In Georgien haben sich erneut große Menschenmengen zu proeuropäischen Demonstrationen versammelt. Die Polizei setzte dabei Wasserwerfer und Tränengas ein. Berichten zufolge gab es Verletzte und mehrere Festnahmen.
Den zweiten Abend in Folge haben in Georgien proeuropäische Demonstranten gegen den von der Führung verkündeten Stopp von EU-Beitrittsverhandlungen protestiert. In der Hauptstadt Tiflis versammelten sich nach Angaben des Nachrichtenportals OC Media mehrere Zehntausend Menschen. Andere Beobachter bestätigten, dass deutlich mehr Demonstranten auf der Straße seien als am Donnerstagabend.

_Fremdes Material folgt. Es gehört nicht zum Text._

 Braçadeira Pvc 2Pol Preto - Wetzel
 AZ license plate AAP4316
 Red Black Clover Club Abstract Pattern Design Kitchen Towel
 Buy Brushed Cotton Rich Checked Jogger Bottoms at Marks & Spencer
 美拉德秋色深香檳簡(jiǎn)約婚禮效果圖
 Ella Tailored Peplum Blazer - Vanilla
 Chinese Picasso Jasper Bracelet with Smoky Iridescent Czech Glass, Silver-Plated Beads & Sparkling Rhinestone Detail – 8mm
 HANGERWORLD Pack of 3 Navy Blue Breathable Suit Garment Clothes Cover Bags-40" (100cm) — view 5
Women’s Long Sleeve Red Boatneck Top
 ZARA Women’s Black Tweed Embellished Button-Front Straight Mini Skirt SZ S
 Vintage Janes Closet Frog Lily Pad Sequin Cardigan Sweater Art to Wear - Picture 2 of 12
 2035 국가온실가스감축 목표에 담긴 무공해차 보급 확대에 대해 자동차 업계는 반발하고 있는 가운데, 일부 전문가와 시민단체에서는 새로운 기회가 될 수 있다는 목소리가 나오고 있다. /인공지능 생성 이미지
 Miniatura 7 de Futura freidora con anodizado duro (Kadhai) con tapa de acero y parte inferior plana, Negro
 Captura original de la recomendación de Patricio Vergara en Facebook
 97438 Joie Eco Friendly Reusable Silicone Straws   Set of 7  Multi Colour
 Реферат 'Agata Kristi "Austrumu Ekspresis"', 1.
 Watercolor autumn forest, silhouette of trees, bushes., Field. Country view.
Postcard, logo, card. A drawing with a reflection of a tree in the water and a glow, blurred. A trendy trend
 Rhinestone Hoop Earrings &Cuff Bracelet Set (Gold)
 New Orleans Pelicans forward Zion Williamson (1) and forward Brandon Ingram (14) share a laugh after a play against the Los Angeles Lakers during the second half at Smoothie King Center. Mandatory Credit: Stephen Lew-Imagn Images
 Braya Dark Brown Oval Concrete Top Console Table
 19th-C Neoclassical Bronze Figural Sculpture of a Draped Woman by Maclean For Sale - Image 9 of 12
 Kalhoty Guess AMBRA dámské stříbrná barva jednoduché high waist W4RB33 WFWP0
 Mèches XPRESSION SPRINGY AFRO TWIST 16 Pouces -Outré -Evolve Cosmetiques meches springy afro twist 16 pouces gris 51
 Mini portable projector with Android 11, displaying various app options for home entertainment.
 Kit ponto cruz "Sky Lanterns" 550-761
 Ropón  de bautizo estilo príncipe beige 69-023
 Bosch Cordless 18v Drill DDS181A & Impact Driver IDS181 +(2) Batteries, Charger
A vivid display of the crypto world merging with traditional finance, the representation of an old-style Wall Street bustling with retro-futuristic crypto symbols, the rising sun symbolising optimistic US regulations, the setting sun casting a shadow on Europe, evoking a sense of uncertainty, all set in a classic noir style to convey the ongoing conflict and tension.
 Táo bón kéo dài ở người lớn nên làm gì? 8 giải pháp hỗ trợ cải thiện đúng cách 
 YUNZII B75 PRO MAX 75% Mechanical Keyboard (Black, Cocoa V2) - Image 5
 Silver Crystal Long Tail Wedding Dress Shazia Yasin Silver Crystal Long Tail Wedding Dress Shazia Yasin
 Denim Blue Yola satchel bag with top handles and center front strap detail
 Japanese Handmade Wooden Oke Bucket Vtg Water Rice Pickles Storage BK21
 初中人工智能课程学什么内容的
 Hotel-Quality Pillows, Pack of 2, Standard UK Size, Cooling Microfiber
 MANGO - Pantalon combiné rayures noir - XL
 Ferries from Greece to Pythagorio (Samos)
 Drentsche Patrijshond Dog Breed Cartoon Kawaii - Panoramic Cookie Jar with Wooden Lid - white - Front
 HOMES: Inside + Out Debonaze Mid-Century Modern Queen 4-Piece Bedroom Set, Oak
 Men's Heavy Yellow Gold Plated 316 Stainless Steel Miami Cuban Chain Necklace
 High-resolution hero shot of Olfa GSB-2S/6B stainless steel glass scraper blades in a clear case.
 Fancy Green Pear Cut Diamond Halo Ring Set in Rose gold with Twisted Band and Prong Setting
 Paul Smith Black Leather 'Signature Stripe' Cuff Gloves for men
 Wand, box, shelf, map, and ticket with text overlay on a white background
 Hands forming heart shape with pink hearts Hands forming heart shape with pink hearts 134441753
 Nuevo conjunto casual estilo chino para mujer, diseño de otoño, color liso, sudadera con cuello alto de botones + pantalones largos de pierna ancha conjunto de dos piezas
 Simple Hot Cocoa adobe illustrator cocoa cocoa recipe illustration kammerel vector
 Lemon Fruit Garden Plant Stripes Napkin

Die Polizei zog in Tiflis erneut starke Kräfte zusammen und versuchte, die Demonstranten gewaltsam von der Hauptstraße Rustaweli-Prospekt zu vertreiben. Dabei setzte sie mehrfach Wasserwerfer sowie Tränengas ein. Es gab Verletzte und Dutzende Festnahmen, wie Augenzeugen berichteten. Demonstranten bauten improvisierte Barrikaden und warfen Feuerwerkskörper.
Weitere proeuropäische Kundgebungen wurden aus Batumi, Sugdidi und anderen Städten in der Südkaukasusrepublik gemeldet. Auch in Batumi gab es Medienberichten zufolge Festnahmen.
In der Hauptstadt Tiflis versammelten sich die Demonstranten vor dem Parlamentsgebäude.
Der seit Monaten immer wieder aufflammende Protest hat sich diesmal daran entzündet, dass die nationalkonservative Regierung Verhandlungen über einen EU-Beitritt bis 2028 auf Eis gelegt hat. Dabei hat ein Beitritt zur Europäischen Union in der Ex-Sowjetrepublik Verfassungsrang; die große Mehrheit der Bevölkerung befürwortet ihn.
Die Regierungspartei Georgischer Traum betrachtet indes Brüsseler Kritik an ihrem zunehmend autoritären Kurs als Einmischung und Erpressung. Die Opposition wiederum befürchtet, dass durch die Abkehr von Europa Russland wieder mehr Einfluss in Georgien bekommt.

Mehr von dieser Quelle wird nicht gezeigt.